Telstra a foreign policy weapon

Free market forces are shot down as the Morrison government hands Telstra $1.6 billion to buy regional telco Digicel Pacific. Another salvo in the brave new world of AUKUS, and more corporate welfare, this time for a public company whose shares slumped by one-third during the bull market, while raking in billions in NBN money.

2 November 2020 | Kim Wingerei, MW Media

It’s corporate welfare on steroids. Another bizarre intervention in what Scott Morrison and Josh Frydenberg like to call free markets. Yet, according to some analysts, Telstra’s CEO Andrew Penn has done “the deal of the decade” to buy Digicel Pacific, an Oceania region telecommunications company; with more than a little help from his friends in the Australian government.

Digicel’s owner, Irish billionaire Denis O’Brien, put the business up for sale to reduce his sizeable debt. To combat the threat of Chinese expansion in the Pacific region, the Australian Government decided to step in to protect our “strategic interests” and asked Telstra to buy it.

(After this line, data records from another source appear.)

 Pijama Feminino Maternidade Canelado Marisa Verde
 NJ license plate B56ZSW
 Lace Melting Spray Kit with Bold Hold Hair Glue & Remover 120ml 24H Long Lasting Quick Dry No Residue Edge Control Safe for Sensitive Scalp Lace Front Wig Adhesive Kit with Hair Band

The Government (and US president Joe Biden) wanted to make sure that such a vital asset did not get into the hands of the Chinese. The fear was that it could allow the Chinese to use the telecommunications infrastructure to spy in Fiji, PNG, Nauru, Samoa, Tonga and Vanuatu where Digicel has its operations.

They were so afraid that they forked up $960 million in export finance to help Telstra fund the deal, and threw in another $810 million in non-voting equity; effectively taking the brunt of the financial risk of the deal away from Telstra.

All Telstra had to do was put up $360 million in equity. The way the deal is structured, it will get that back in (guaranteed) dividends in less than six years.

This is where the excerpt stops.